Molecular basis of the PED/PEA15 interaction with the C-terminal fragment of phospholipase D1 revealed by NMR spectroscopy.

Biochimica et biophysica acta (2013-04-24)
Biancamaria Farina, Nunzianna Doti, Luciano Pirone, Gaetano Malgieri, Emilia M Pedone, Menotti Ruvo, Roberto Fattorusso
摘要

PED/PEA15 is a small protein involved in many protein-protein interactions that modulates the function of a number of key cellular effectors involved in major cell functions, including apoptosis, proliferation and glucose metabolism.

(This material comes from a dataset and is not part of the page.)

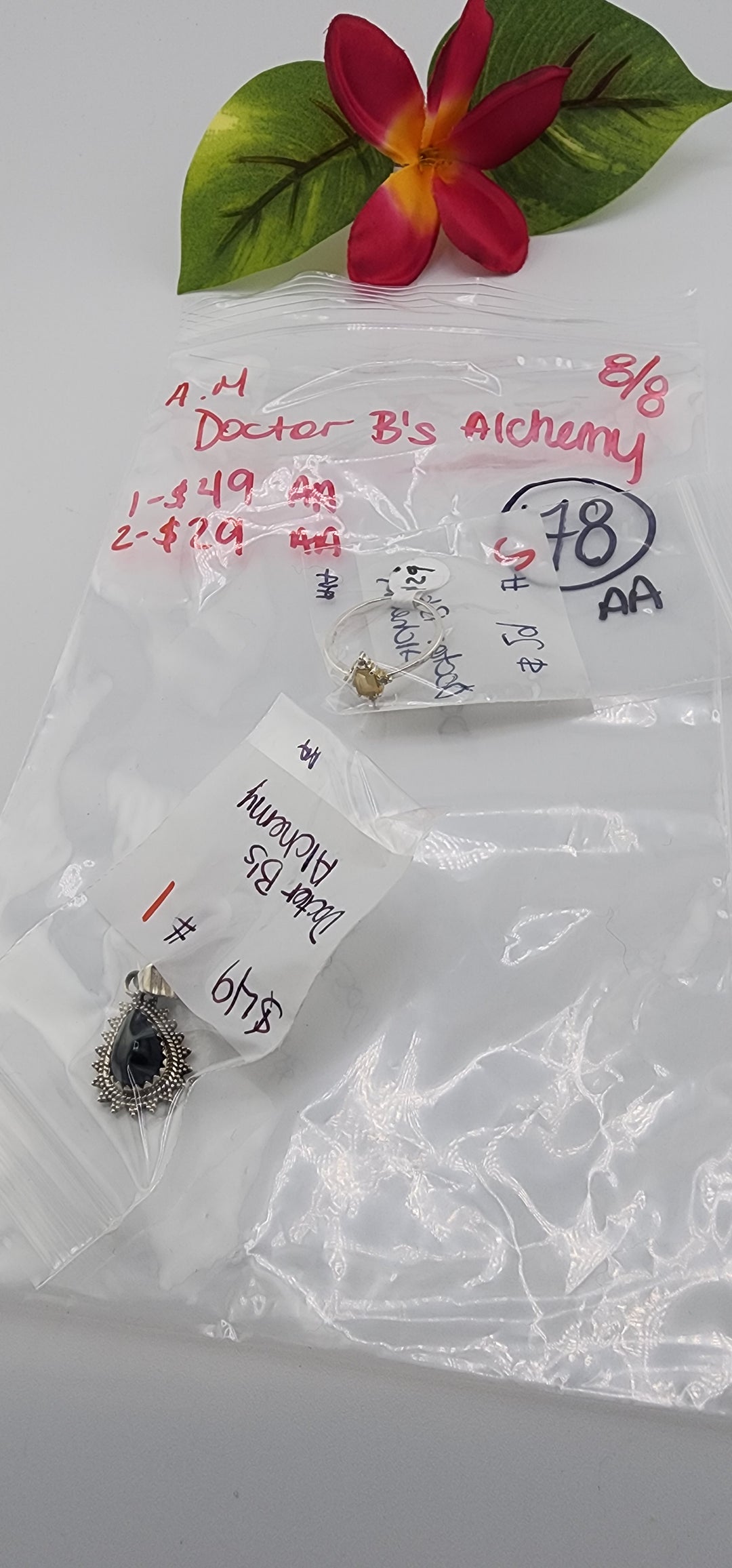 AM SHOW 48HR - RESERVED FOR: Doctor B's Alchemy, LLC - 8/8/2025 FL tiktok Live Show - 2 Sterling Silver Items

In particular, PED/PEA15 interacts with the phospholipase D (PLD) isoforms 1 and 2 increasing protein kinase C-α isoform activity and affects both insulin-stimulated glucose transport and glucose-stimulated insulin secretion. The C-terminal portion (residues 712-1074) of PLD1, named D4, is still able to interact with PED/PEA15. In this study we characterized, by means of NMR spectroscopy, the molecular interaction of PED/PEA15 with D4α, a smaller region of D4, encompassing residues 712-818, shown to have the same affinity for PED/PEA15 and to induce the same effects as D4 in PED/PEA15-overexpressing cells. Chemical shift perturbation (CSP) studies allowed to define D4α binding site of PED/PEA15 and to identify a smaller region likely affected by an allosteric effect. Moreover, ELISA-like experiments showed that three 20-mer overlapping synthetic peptides, covering the 762-801 region of D4α, strongly inhibit PED/PEA15-D4α interaction through their binding to PED/PEA15 with KDs in low micromolar range. Finally, molecular details of the interaction of PED/PEA15 with one of the three peptides have been revealed by CSP and saturation transfer difference (STD) analyses.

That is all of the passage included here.